Later, Dean tried damage control. “I believe I have more endorsements from both the Congressional Black Caucus and the Congressional Hispanic Caucus than any other candidate on this stage,” he said. “And I will take a back seat to no one in my commitment to civil rights in the United States of America.” But by that time, it was clear that Sharpton’s attack had taken its toll.
One striking thing about the exchange with Sharpton was that Dean alluded to, but chose not to use, the most common-sense explanation for the racial makeup of his state administration. Vermont is an overwhelmingly white state, he might have explained; there are very, very few black people there. In the 2000 census, the state’s population was 608,827. Of that, 3,063, or 0.5 percent, were black. In Vermont’s capital city, Montpelier, according to the census, there were 52 black people in 2000.
Dean might have said that his cabinet did not look like America–in a phrase famously associated with a Democratic president–because Vermont does not look like America. Dean might have further explained that, although his motives might be good, the simple demographic facts of life in Vermont meant that he could not have much experience working with a racially diverse population.
Obviously, that would be a non-starter at the Brown and Black Presidential Forum. If he had stated the obvious, Dean would have undermined the months of confident proclamations about race that he has made on the campaign trail. So he invoked Martin Luther King and attempted to educate white folks a bit more.
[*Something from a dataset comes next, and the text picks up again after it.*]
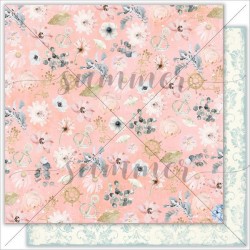 Double-sided sheet of paper Summer Studio Marine Bloom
And not only could Dean not really defend himself, he apparently felt he could not attack Sharpton, who by any standard should be the easiest candidate to attack. In addition to the well-known points on Sharpton’s résumé–Tawana Brawley, Crown Heights, the Korean grocery, any of which would be disqualifiers to a serious candidacy–Dean might have cited fresh evidence of Sharpton’s corruption, straight from the front page of Saturday’s New York Times.
The paper reported that as Sharpton “has struggled to raise contributions” for his candidacy, his campaign “has paid thousands of dollars for him to stay in luxury hotels and to travel around the country with his own personal filmmaker.” In a trip to Dallas last September, Sharpton stayed at the super-luxe Mansion on Turtle Creek. In Miami, he stayed at the Mandarin Oriental. In Los Angeles, it was the Four Seasons. The Times also found that Sharpton’s campaign kept shoddy records of his high living; Sharpton’s finance reports, it said, are “marked by oversights, errors and potential violations.” Nevertheless, Sharpton might soon receive a six-figure infusion of campaign matching funds from the U.S. government.
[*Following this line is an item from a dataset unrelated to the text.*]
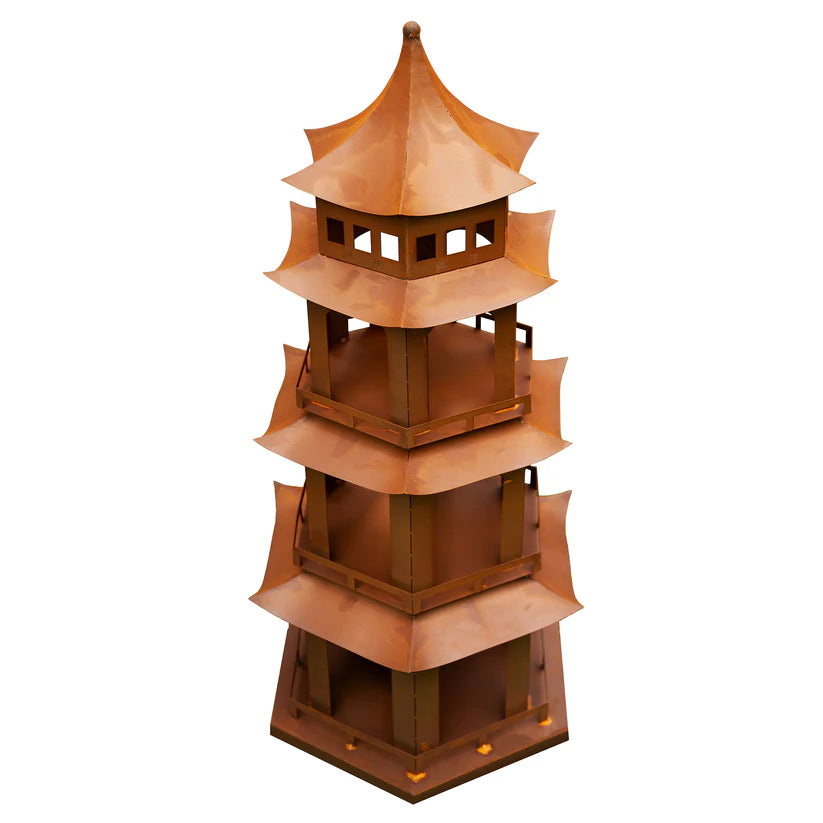 Ming Tempel – Rostdeko in Pagodenform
In addition, when the Times looked at court records, the paper concluded: “Besides disclosing a history of staying in expensive hotels, flying first class and relying on limousine services…such records also reveal a series of judgments, lawsuits and tax debts.” For example, Sharpton’s National Action Network “ran up a debt of $76,704.34 with 1-800-Limo-Center, a business based in Rochelle Park, N.J., which provided Mr. Sharpton with car service at cities around the country.” When Sharpton didn’t pay, a court intervened (although $30,000 remains unpaid). Finally, the Times reported that Sharpton’s organization has “a tax warrant against it for failure to pay New York State $15,446.31 in unemployment insurance.”
Given all that, surely Howard Dean could have come up with an effective rejoinder when the Reverend Al went on the attack. But Dean, like the rest of the Democratic field, was apparently afraid to confront Sharpton. For voters trying to assess the character of the Democratic candidates, that was most educational.